All Parties Hurriyat Conference chairman Moulvi Abbas Ansari.-SAJJAD HUSSAIN/AFP

Could the reduction of violence also be the consequence of reduced infiltration? And could a reduction in the numbers of terrorist cadre present in Jammu and Kashmir be responsible for the lowered violence? It is impossible to verify Indian intelligence estimates of cross-border movement, but most analysts agree that infiltration fell to negligible levels in December 2003, after a ceasefire came into force along the Line of Control (LoC). According to the Ministry of Home Affairs, last year 2,841 incidents of firing occurred across the LoC, down from the 5,767 cases in 2002 and the 4,134 cases in 2001. Last year saw no sharp spikes in firing across the LoC during the summer, and into the autumn. Whereas 1,352 incidents of border fire were reported in June 2002, only 392 were reported in June 2003. In October 2001, there were 848 fire exchanges across the LoC; last October there were just 265. Given that most LoC exchanges are triggered by covering fire from the Pakistani side in order to protect infiltrating groups, the figures suggest scaled-back infiltration for much of the year.

However, the fact is that jehadi groups did not loose as many cadre in 2003 as in past years, and therefore did not require much replenishment.

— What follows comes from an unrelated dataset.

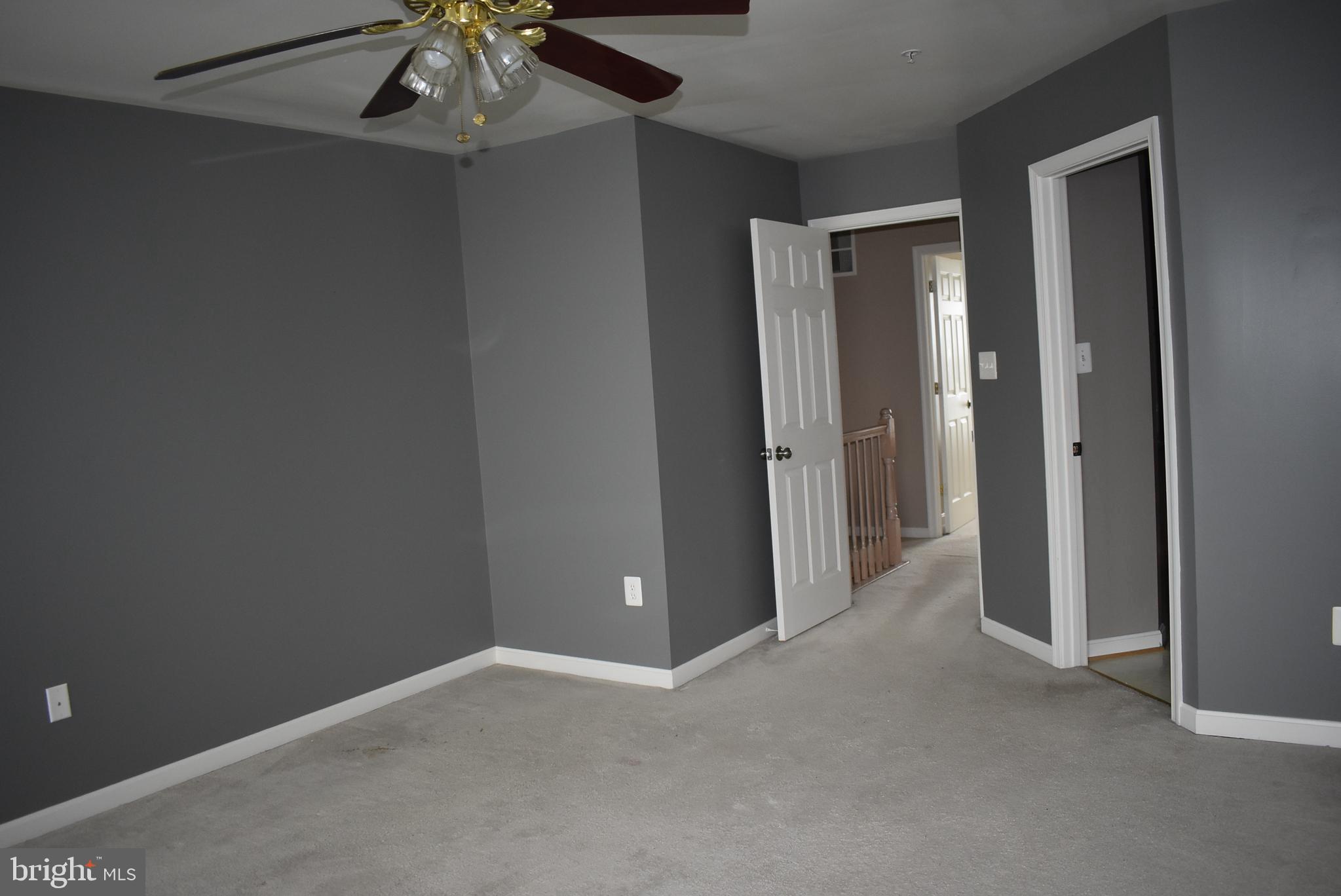 600 Open Meadow Road Frederick, MD 21703 - Photo 20 of 20 Bedroom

Informed sources told Frontline that there was no hard intelligence to suggest that there was any panic among terrorist groups in Jammu and Kashmir, and there was little evidence to indicate that field leaders are demanding more personnel. Although there has been some shortage of fund among jehadi groups, it seems to be a result of the dislocation caused by the elimination of top leaders, rather than a closure of the pipeline from Pakistan. Nor is there evidence, as yet, that the Pakistani intelligence establishment has actually closed down terror camps on any significant scale. Evidence of Pakistan's intentions in Jammu and Kashmir will be known only this summer, when it will become clear whether a de-escalation of its state-run jehad is in fact under way or whether December's events were only a tactical move to placate the United States of America, and get dialogue going.

The venomous response to the peace process from the Hizbul Mujahideen and the Jamait-ul-Mujahideen, both closely allied to the Pakistani military establishment, suggests that the country is keeping its options open. There is little sign, either, that Musharraf's recent ban on jehadi activities is being implemented. The January 8 issue of the Lashkar-e-Toiba-affiliated journal Ghazwa, for example, carries an epic-style fiction in which a Pakistani child at the Wagah border asks his father how to identify Indian soldiers. "The soldier who is patting your cheeks loves you," the father replies, "he is good. He is a Pakistani soldier. The others, who are dark-skinned midgets, are the Hindu soldiers that you have to kill after receiving jehad training." Indian officials are keeping their fingers crossed, but would do well to also keep their powder dry.